I am a college professor. We have a college savings fund for my daughter, principally funded by parents so far, though we’re beginning to be able to contribute too. We do not have a college savings fund for my son, because he has Down syndrome, and we never thought that college was a reasonable option.
We were wrong.
Programs like Cutting Edge provide a way for colleges to respond to what many disability advocates call “falling off the cliff.” When a child is diagnosed with a disability, all kinds of government-support structures kick in to provide education, services, transportation, and health care. It’s often necessary to fight for optimal services, but the system is, at least, there.
But at age 22 (or in some states, 19), someone with a disability loses that infrastructure, and “falls off the cliff” into a much less organized world. Beyond the issue of finding new services, there’s just a fundamental question of what the disabled should do. School provides community along with education. Without school, many people with disabilities risk becoming isolated.
Increasingly over the last decade or so, colleges like Edgewood are trying to provide a higher education to people with developmental disabilities that can build on the good work done in secondary education. A project called Think College: College Options for People With Intellectual Disabilities—run out of the Institute for Community Inclusion at the University of Massachusetts at Boston—has been coordinating such efforts, building standards, and working with the government to provide more support.
The cliff is real and it’s scary. Moreover, there is no one program that can address it. Instead, what we need are creative people thinking about jobs, trainings, community groups, internships, camps, and, increasingly, college.
There are issues. It’s not free. It doesn’t fall into our traditional (though much contested) model of financial aid being an investment in a college-educated well-paying career. Most financial aid isn’t even available. I talk about these issues in the article. Still, I conclude:
My son, Nico, has Down syndrome. He’s 7 years old, and until recently we hadn’t saved a penny for his college. Why would we? Then we saw Noah’s acceptance video, and I got to meet Hafner and Coogan. Now, we’re thinking college. Moreover, for the first time, we see college as part of the solution to building a better life for our son.
Which is to say – time to start saving. Time to start thinking college.

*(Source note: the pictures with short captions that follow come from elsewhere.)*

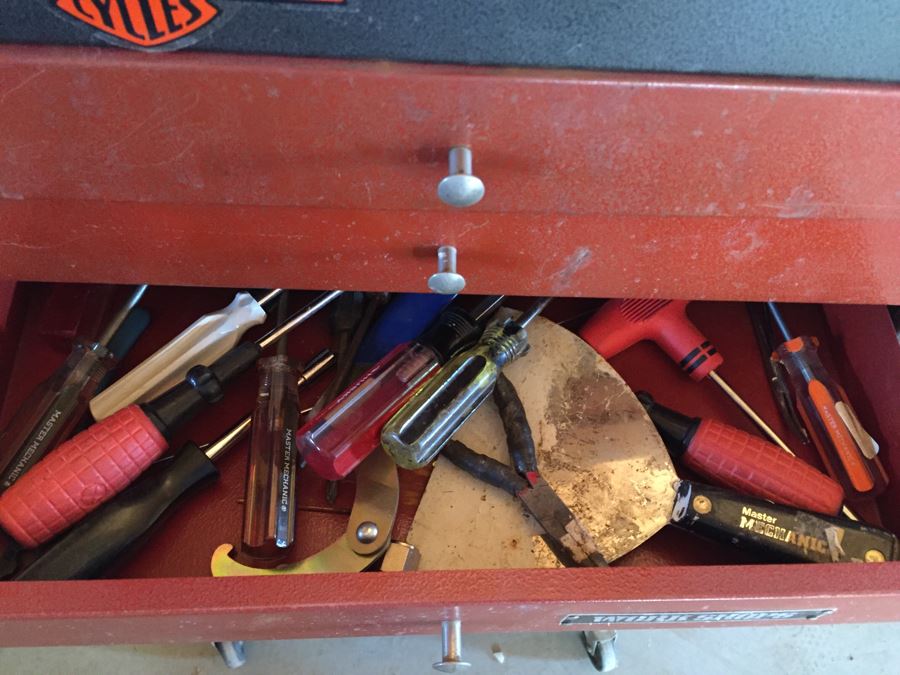 Rolling Tool Box With Tools [Photo 9]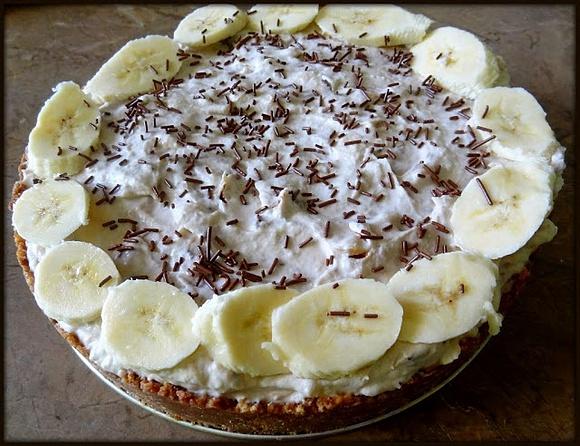 Kremowe ciasto czekoladowo-bananowe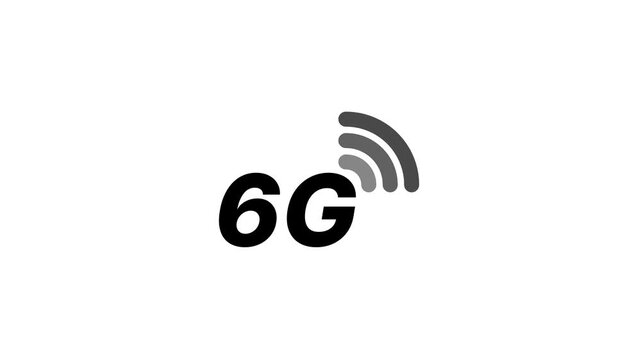 6G symbol on data center. The concept of iot, cellular mobile communications, internet of things and digital wireless network 4k rendering animation. Expansion on server racks. - Powered by Adobe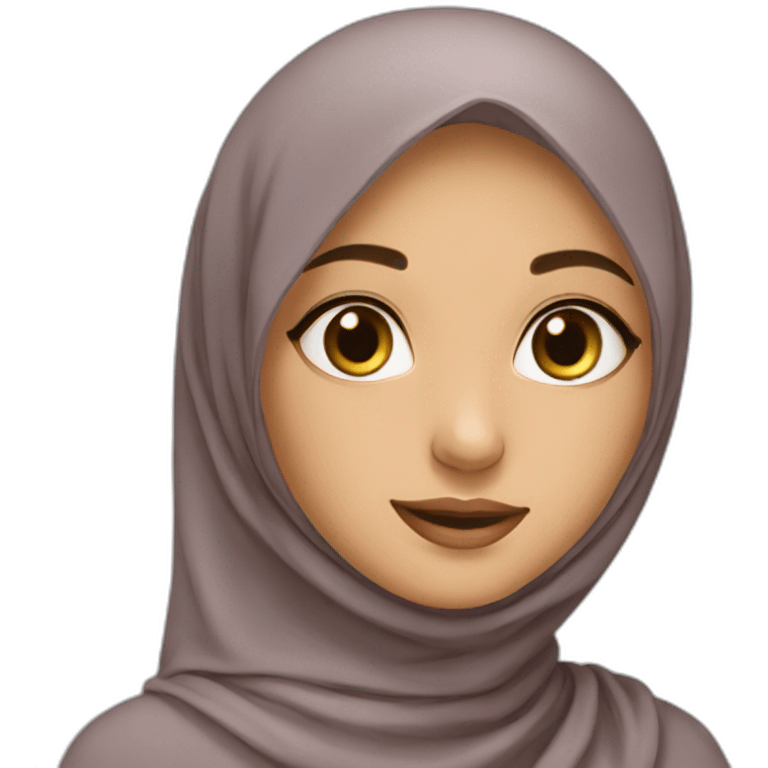 A beautiful girl in hijab celebrating her birthday emoji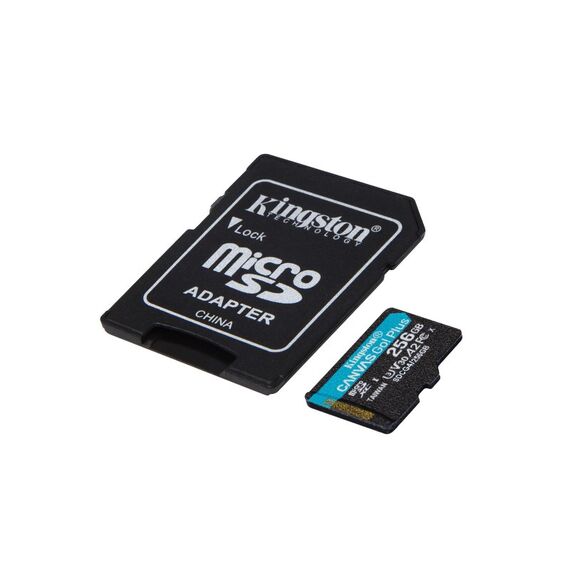 Kingston Technology 256GB microSDXC Canvas Go Plus Gen4 200 MB/s A2 U3 V30-Karte + Adapter, Kapazität: 256 GB, 3 image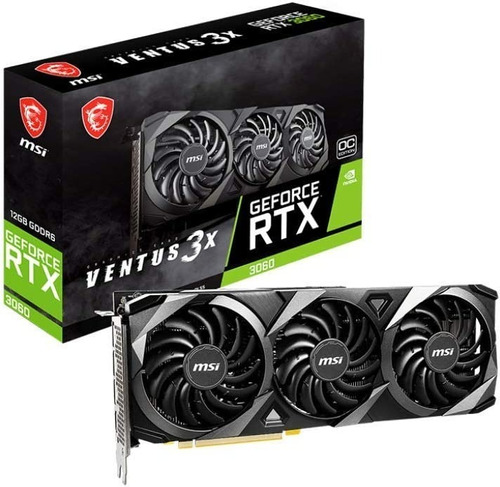 Tarjeta De Video Msi Ventus 3x Rtx 3060 12gb Ddr6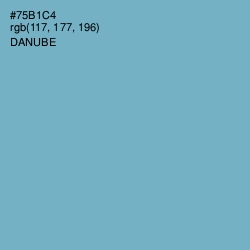 #75B1C4 - Danube Color Image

Finally, a call for action.
If you are an academic, please share my article with your administration. Say to them that this is possible. It’s not charity. It’s a form of public engagement (a university working on a major social issue – “the cliff”). It’s complicated but not ultimately disruptive. That it fits into diversity initiatives (mantra: disability is diversity). That there are people at the Institute for Community Inclusion who want to help you. Take this article to your administration and say – we can do this. We should do this.
Thank you.
check us out at http://www.shepherdscollege.edu a technical, specialized school for students with ID/D. We received accreditation as a certificate, non-degree granting program, which means we are recognized by the US Dept of Ed as being able to access the full range of FSA and underwent the 10 standards evaluation. We are a specialized, technical school with a unique three phase residential campus living process. We affirm the models you have highlighted should be affirmed and promoted, as well as increasingly diverse offerings providing a broad range of choices for students looking to go to college.
Bravo. I think this is the future.
Considering our medical science and technology is allowing more people with disabilities to live longer and more varied lives.
I remember watching a documentary several years ago about traumatic brain injury, and they followed several patients of varying degrees of injury. One young woman eventually was starting school at a community college. It was a real bright point of the documentary… because not that many years ago, that young woman wouldn't have been encouraged to do that.
Our culture has too long been stuck back in the Dark Ages regarding people with disabilities and education & career options.
Of course the slack labor market does not help at all.
But then I'm also a firm believer that everyone should have the opportunity for higher education of some type, even if it's not needed for a specific career.
I worry with all this corporate pushed talk about how higher education, or even K-12 education, should be basically just job training, that something will be lost in the process.
Brian and Lucy – Is your school a segregated space? I am not opposed to that for some students, so long as there's a plan to build skills that lead to better integration. Tell me more! And thanks for commenting.
Dear "Watermelonpunchcom" – Psst, watch out for those Dark Ages metaphors. 🙂 Medievalist-at-work here! 🙂
I worry about these things as well, but am optimistic on this front.